The ministry underwent three reshuffles since 2007. The first occurred in December 2008, triggered by the resignation of Theo Theophanous: Martin Pakula was appointed to the resulting vacancy. The second reshuffle occurred on 20 January 2010 after Lynne Kosky's resignation. A new position of Minister for the Respect Agenda was created. Pakula took on Kosky's role as Minister for Public Transport, with Peter Bachelor given the Arts portfolio. Lily D'Ambrosio joined the Cabinet as Minister for Community Development.
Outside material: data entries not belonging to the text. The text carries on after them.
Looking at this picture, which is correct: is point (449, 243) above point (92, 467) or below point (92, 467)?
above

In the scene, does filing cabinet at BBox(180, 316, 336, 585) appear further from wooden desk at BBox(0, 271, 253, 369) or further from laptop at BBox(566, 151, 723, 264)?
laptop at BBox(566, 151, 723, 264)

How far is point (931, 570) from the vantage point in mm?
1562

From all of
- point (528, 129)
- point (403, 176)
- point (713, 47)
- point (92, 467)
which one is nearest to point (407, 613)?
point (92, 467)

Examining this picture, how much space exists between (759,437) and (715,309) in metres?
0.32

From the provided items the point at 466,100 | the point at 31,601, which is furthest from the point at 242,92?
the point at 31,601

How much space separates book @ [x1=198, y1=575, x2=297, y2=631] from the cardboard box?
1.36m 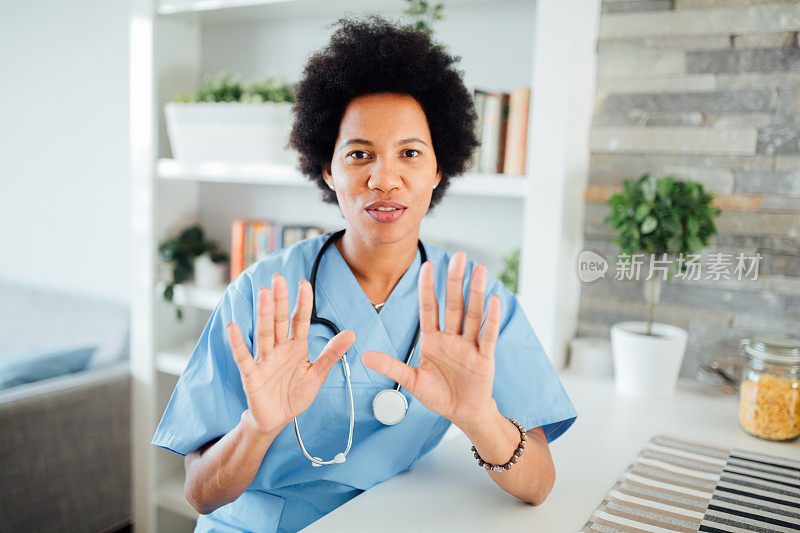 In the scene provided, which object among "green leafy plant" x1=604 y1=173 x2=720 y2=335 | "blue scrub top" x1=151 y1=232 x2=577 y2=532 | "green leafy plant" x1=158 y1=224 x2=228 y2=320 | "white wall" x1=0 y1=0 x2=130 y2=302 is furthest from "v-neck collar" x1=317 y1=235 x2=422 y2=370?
"white wall" x1=0 y1=0 x2=130 y2=302

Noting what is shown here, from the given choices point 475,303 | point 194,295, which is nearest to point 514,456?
point 475,303

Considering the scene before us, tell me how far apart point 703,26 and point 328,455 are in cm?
137

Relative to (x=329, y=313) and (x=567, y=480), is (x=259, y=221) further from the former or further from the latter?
(x=567, y=480)

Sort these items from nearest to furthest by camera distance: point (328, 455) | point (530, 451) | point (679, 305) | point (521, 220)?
point (530, 451) < point (328, 455) < point (679, 305) < point (521, 220)

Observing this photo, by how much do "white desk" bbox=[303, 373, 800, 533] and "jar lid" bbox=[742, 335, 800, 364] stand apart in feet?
0.56

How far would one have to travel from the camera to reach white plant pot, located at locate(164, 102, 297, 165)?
186 centimetres

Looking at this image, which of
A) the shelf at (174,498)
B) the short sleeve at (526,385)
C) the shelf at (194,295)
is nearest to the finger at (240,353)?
the short sleeve at (526,385)

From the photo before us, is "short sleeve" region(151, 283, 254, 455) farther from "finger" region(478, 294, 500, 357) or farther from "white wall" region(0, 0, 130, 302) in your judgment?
"white wall" region(0, 0, 130, 302)

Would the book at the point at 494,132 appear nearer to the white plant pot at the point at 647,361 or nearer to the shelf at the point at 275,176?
the shelf at the point at 275,176

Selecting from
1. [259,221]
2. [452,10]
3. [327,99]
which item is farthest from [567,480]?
[259,221]

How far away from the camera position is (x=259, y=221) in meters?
2.31

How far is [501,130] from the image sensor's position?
163 centimetres

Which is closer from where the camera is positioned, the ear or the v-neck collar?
the v-neck collar

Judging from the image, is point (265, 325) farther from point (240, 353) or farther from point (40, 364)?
point (40, 364) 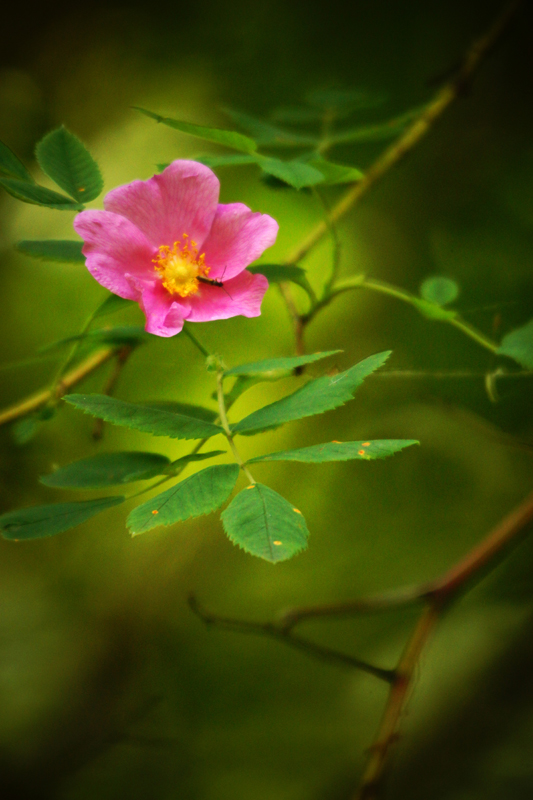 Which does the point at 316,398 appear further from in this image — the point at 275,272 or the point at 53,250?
the point at 53,250

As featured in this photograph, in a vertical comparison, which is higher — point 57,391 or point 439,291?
point 439,291

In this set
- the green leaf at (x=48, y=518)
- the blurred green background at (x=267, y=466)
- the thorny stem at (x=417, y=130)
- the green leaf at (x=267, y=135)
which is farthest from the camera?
the blurred green background at (x=267, y=466)

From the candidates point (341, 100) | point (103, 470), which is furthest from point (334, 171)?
point (341, 100)

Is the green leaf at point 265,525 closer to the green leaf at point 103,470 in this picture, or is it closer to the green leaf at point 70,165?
the green leaf at point 103,470

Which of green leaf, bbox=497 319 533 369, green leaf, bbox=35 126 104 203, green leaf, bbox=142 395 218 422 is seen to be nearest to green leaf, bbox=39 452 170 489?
green leaf, bbox=142 395 218 422

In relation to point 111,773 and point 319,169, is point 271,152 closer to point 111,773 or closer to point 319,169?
point 319,169

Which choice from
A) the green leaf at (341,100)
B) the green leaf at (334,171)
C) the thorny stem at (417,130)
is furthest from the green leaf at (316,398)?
the green leaf at (341,100) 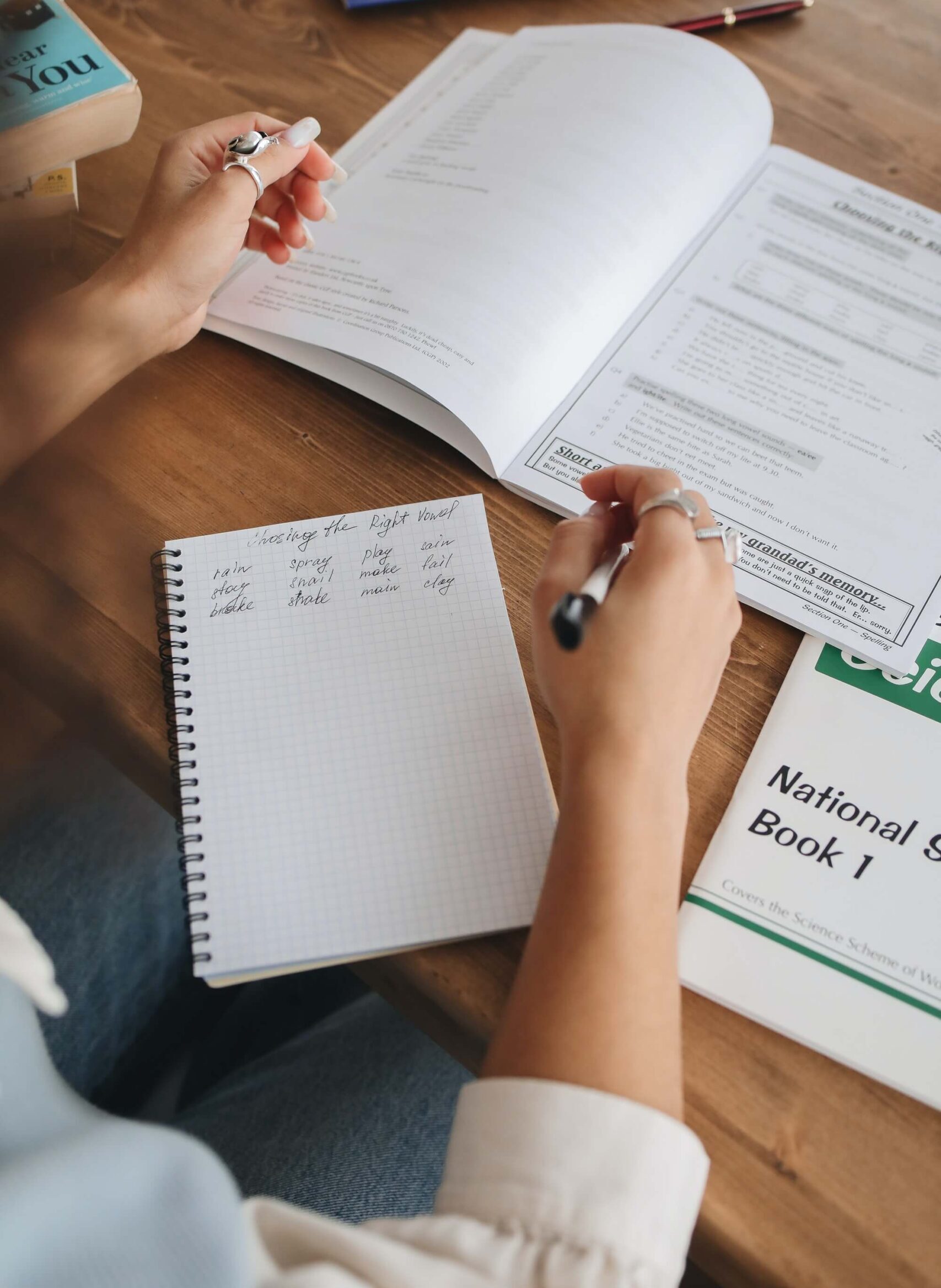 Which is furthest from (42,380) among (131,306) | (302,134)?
(302,134)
The third occurred when Bob Cameron resigned on 7 October 2010. James Merlino became Minister for Police and Minister for Corrections in his place, although Cameron retained the Emergency Services portfolio until the November state election in order to finalise key bushfire reforms.

Portfolios

References

External links
Members of Cabinet, Department of Premier and Cabinet (Government of Victoria)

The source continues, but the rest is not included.